What are your duties, and your potential liability, as a charity trustee?

Covid-19 has turned the world upside down and has forced many charities to revisit their 2020 budgets urgently, as potential sources of income, from shops to largescale fund-raising events such as the London Marathon, are denied to them.

Why does Covid-19 matter to me as a Trustee?

The government has said it will support charities and some of the schemes intended to support business, in particular the Coronavirus Job Retention Scheme (CJRS), are already being accessed by charities, but for many charities this will not be enough. Trustees should consider not only their responsibilities to the causes they support, but also their potential personal liability in the event their charity cannot meet its obligations to third parties, including landlords and suppliers.

Why does the legal status of the charity matter in the context of Covid-19?

All trustees of charities are subject to statutory duties under the Charities Act 2011 but, in the context of potential insolvency, the trustees’ responsibilities vary depending on the legal status of the charity.

  • Charitable Trusts and Unincorporated Associations

These charities have no separate legal personality and therefore the trustees are liable for any debts or obligations they may incur. This liability is unlimited.

  • Companies and Charitable Incorporated Organisations (CIOs)

Many charities are set up as companies limited by guarantee. The charity trustees are the directors of the company. A company is a ‘corporate’ or ‘incorporated’ legal form and has its own separate legal personality, which means it can enter into contracts and other legal relationships in its own name. It is the company/charity, rather than the members or the directors/trustees, which is liable for the company’s debts.

A Charitable Incorporated Organisation is similar to a company. It has its own legal personality, so will be liable for its own debts. In most situations, its trustees will be protected from liability for debts.

How can I become personally liable as a director of a charity or as a Trustee of a CIO?

Although they are not liable for the charities’ debts, director trustees of near insolvent charities (they may be insolvent on a cash flow basis even if the charity has a strong balance sheet basis) face potential personal liability for wrongful trading. This means allowing the charity to trade, after the date when the director trustee knew, or ought to have concluded, that there was no reasonable prospect that the company would avoid going into insolvent liquidation.
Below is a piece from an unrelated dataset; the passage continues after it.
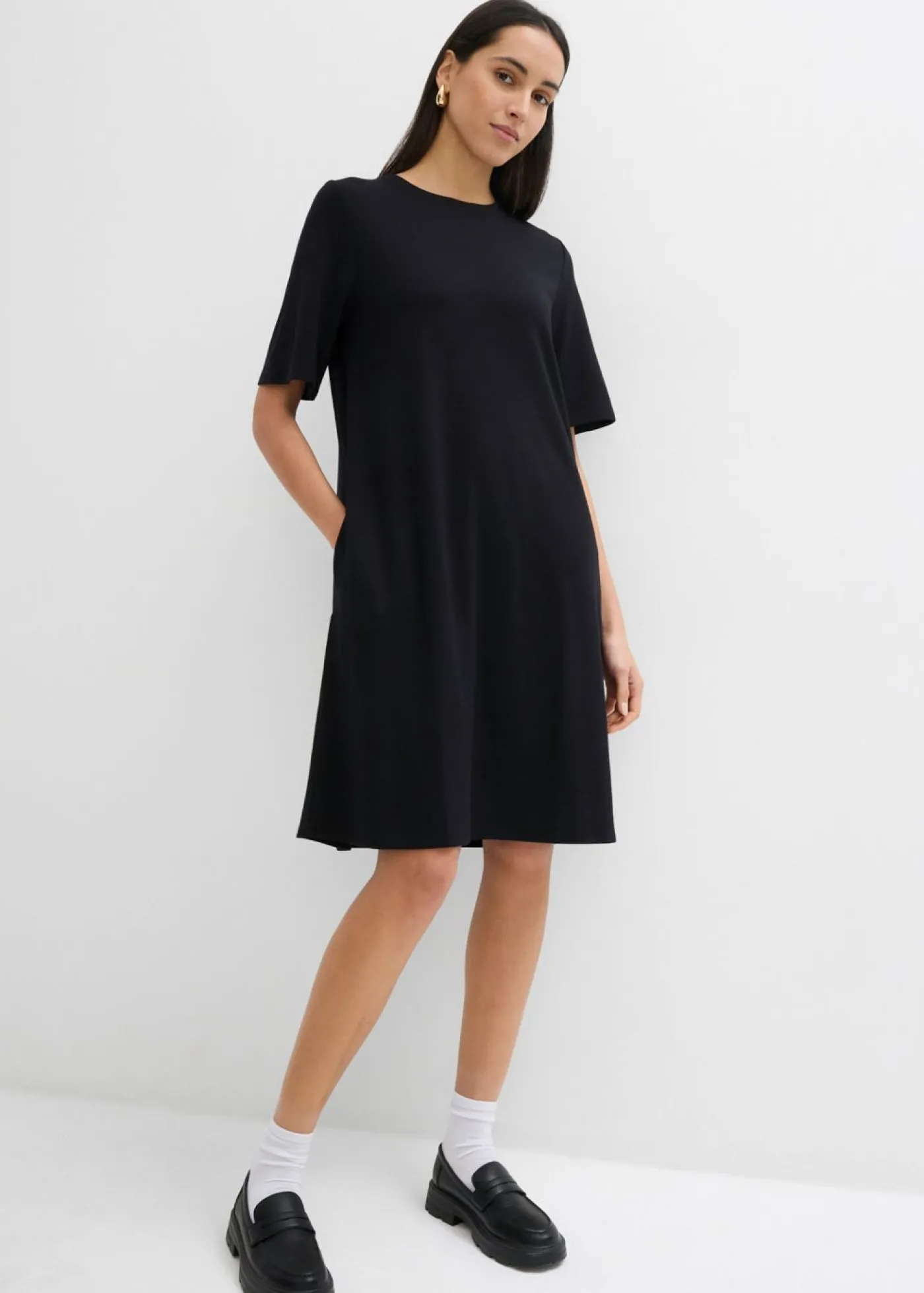 bonprix bonprix Vestido camisero con corte en A en mezcla de viscosa Negro Outlet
The government said last week it will legislate to provide more leeway to directors grappling with the effects of coronavirus, but there is no detail as yet. There is also no suggestion that it will change other aspects of insolvency law which place significant burdens on directors in relation to transactions undertaken whilst a charitable company is insolvent.

How do we decide which bills to pay when cash is short?

One problem Trustees may face is in deciding which creditors they can and should pay when the charity cannot pay all the debts which are due. If a charity is insolvent then the trustees cannot choose who they would like to pay before they shut the doors. If they pay one creditor and leave another unpaid this may be deemed a “voidable preference” if the charity then goes into liquidation. If there is evidence the Trustees were influenced by a desire to pay one creditor over another then this could result in the Liquidator clawing back the payment from the paid creditor at a later date.

If the recipient of the preference cannot reimburse the charity the Liquidator could seek to recover the payment from the trustees.

Why take professional advice?

If you believe your charity may not be able to survive the economic consequences of Covid-19, you should take advice on how best to minimise your risk of personal liability. Trustees who take timely professional advice (and follow that advice) are entitled to rely on that advice and in most circumstances this will remove or greatly mitigate any personal risk.